Back in the 1970s, when mine and Mr. Boot's families came to the United States, many Russian immigrants promptly embraced the extreme fringe of the Republican right.

At the time, they tended to justify their rabid conservatism by their intimate knowledge of the Soviet system — and the threat it posed to the naïve, unsuspecting West.

In this world view, only Ronald Reagan, with his statements about the "Evil Empire", both understood the Kremlin's world domination schemes — and had the courage to stand up to the Communists.

Communism, of course, is long gone. Rather than subjugating the rest of the world, it collapsed under the weight of its own inefficiency, revealing a system that was not economically viable, corrupt to the core — and hated even by its apparent adherents.

Ironically, despite considerable growing pains, a liberal democracy is taking root in Russia. There may still be a lack of transparency in government, heavy-handedness and bureaucratic corruption. But the new generation of Russians certainly hopes to build a liberal democracy in their country.

Meanwhile, the Russian immigrant community in the United States has amazingly clung to its old beliefs. It remains almost uniformly right-wing, despite the fact that the threat of communism is no more.

Why is that? In my view, their conservatism has different roots than the Republican conservatism of the old Rockefeller wing of the GOP — or the newer Reagan wing.

The conservatism of the likes of Mr. Boot seems to be basically the same statist, illiberal, doctrine the older generations in Russia grew up with — Stalinism. Except it is applied to different circumstances.

Max Boot and his ideology routinely horrify many liberal and middle-of-the-road politicians, academics and Internet blog writers. This is probably the reason it so delights the conservatives.

But the conservatives themselves would not have been pleased if they understood that they are merely looking at a weird twist of Stalinism.

Indeed, seen from the Stalinist perspective, Mr. Boot's ideological extremes are all too familiar.

Mr. Boot's piece in the Los Angeles Times, for instance, titled "Protesters with Bloody Hands" (February 20, 2003), seems to have been lifted, title and all, from another 1950s classic — the Soviet Communist Party organ, Pravda.

The piece traces through the ages how antiwar protesters, most recently protesting the war in Iraq, are guilty of causing the deaths of American soldiers — even though they are merely using their constitutional right to openly dissent from government policies.

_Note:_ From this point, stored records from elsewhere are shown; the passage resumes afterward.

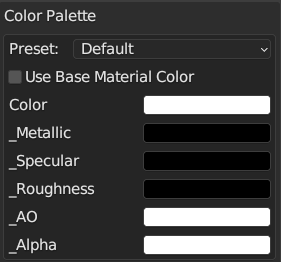 Color Attribute Creator palette in Blender.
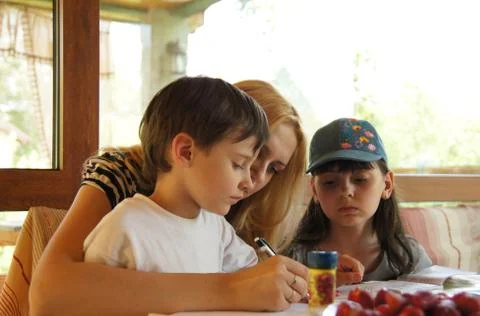 Children do their homework Stock Photos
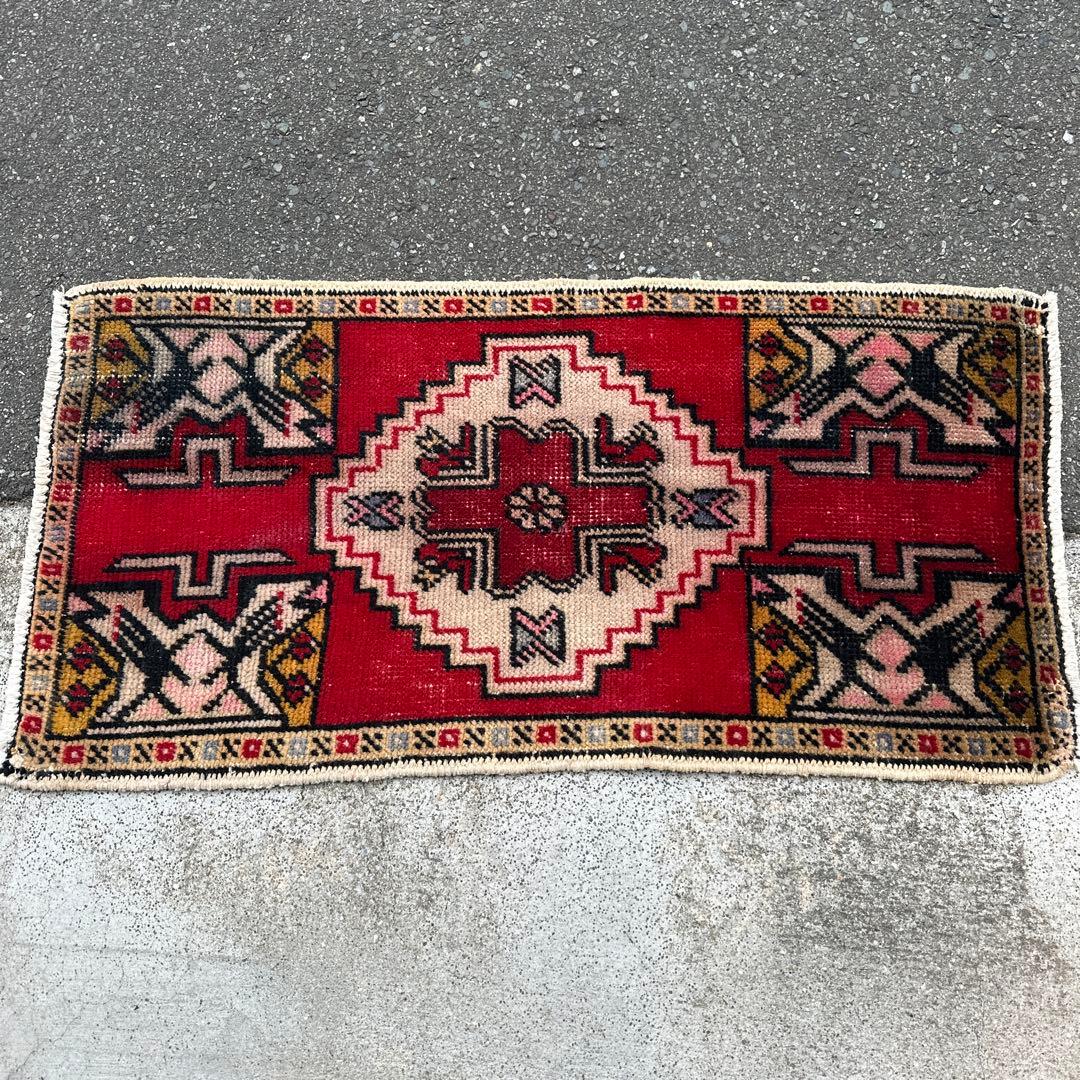 ヴィンテージ トライバル ラグ年代織りトルコ絨毯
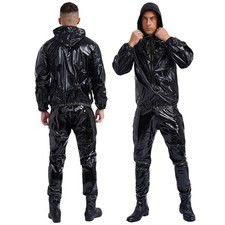 Mens Heavy Duty Sauna Suit Elastic Cuff Zipper Drawstring Hooded Jacket  Pants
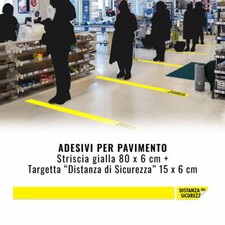 Bande Adhésive Panneaux de Signalisation Distanciation Sociale pour Sol, Jaune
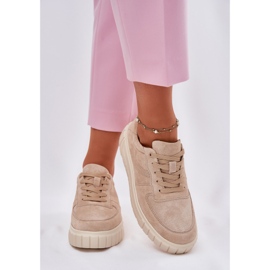EVento Zapatillas de ante mujeres en la plataforma beige 3
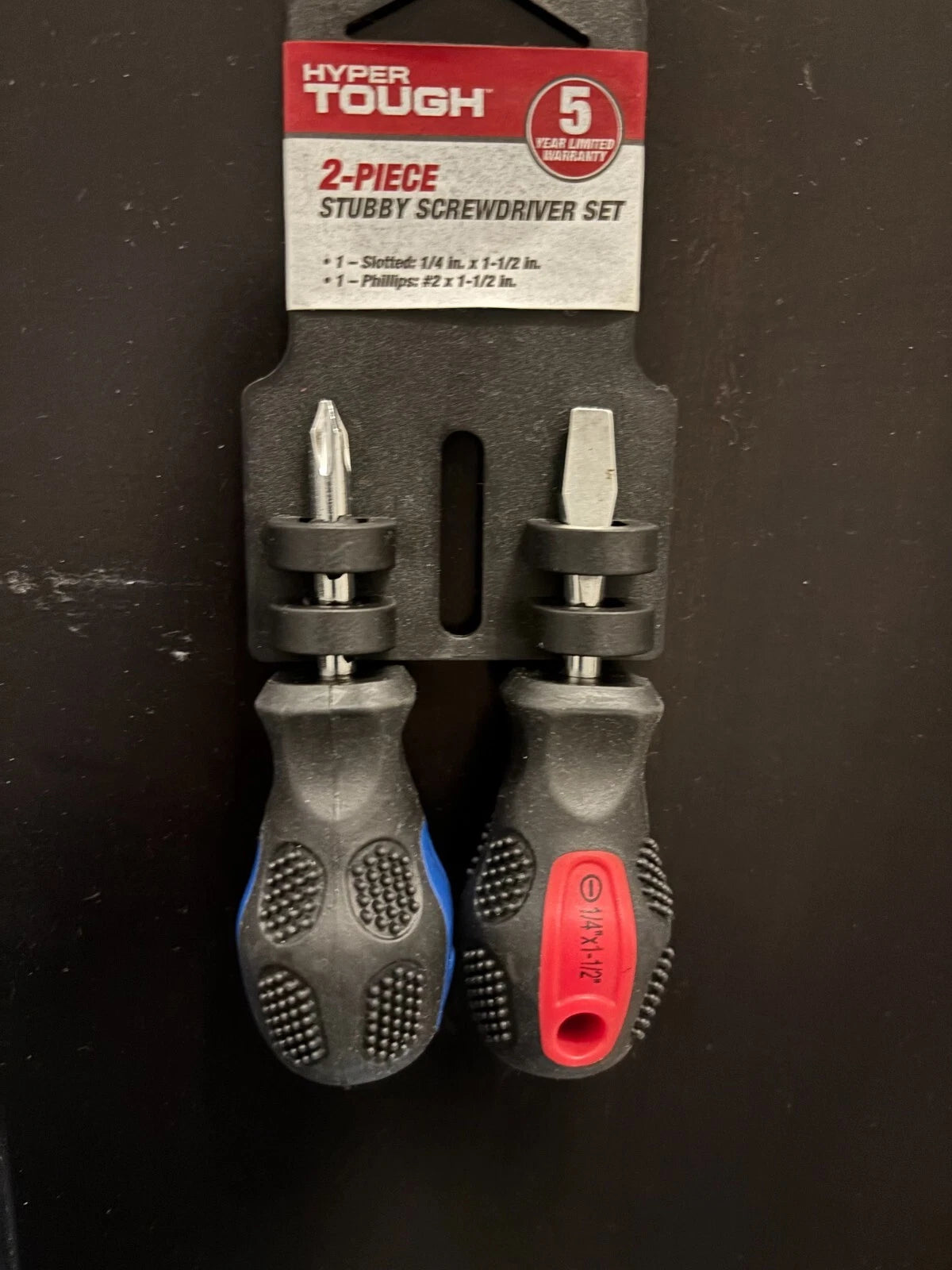 Hyper Tough Stubby Screwdriver 2 Piece Set Short Cushion Grip Handles Hand Tools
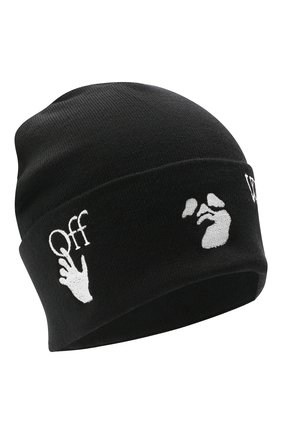 Мужская шерстяная шапка OFF-WHITE черно-белого цвета по цене 15100 руб., арт. 0MLC012E20KNI0021001 | Фото 1 Мужская шерстяная шапка OFF-WHITE черно-белого цвета, арт. 0MLC012E20KNI0021001 | Фото 1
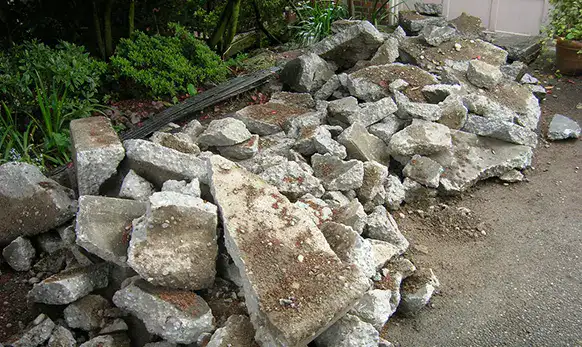 pile of broken up concrete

To equate the good of the government with the good of the nation is an old Stalinist trick — to accuse of treason those who don't want to march in lockstep with the rest of the country.

The only difference is that in the Soviet life of the early 1950s, after such a Pravda editorial, all those hapless Iraq war protesters would have ended up chopping wood in Siberia.

Stalinism is also where Mr. Boot's admiration for blitzkrieg military might — shown in his article in a recent issue of Foreign Affairs — actually comes from. The article has numerous delightful echoes of Stalin's military preparedness obsession.

His advocacy for an unabashed American practice of imperialism is also painfully Stalinist in concept. As is the hypocrisy contained in the following statement: “Given the historical baggage that imperialism carries, there’s no need for the U.S. government to embrace the term. But it should definitely embrace the practice.”

Stalin, it should be noted, was fond of ideological sabotage — identifying and cultivating public opinion leaders in the West who could provide propaganda for his ideology and the Soviet regime. Some did so for money, others served as unwitting tools.

It is amazing that, by a very convoluted and strange route, Stalin's ideology lives on in America's conservative circles. Somewhere in hell, Uncle Joe is no doubt smiling as he reads Max Boot's prolific written output.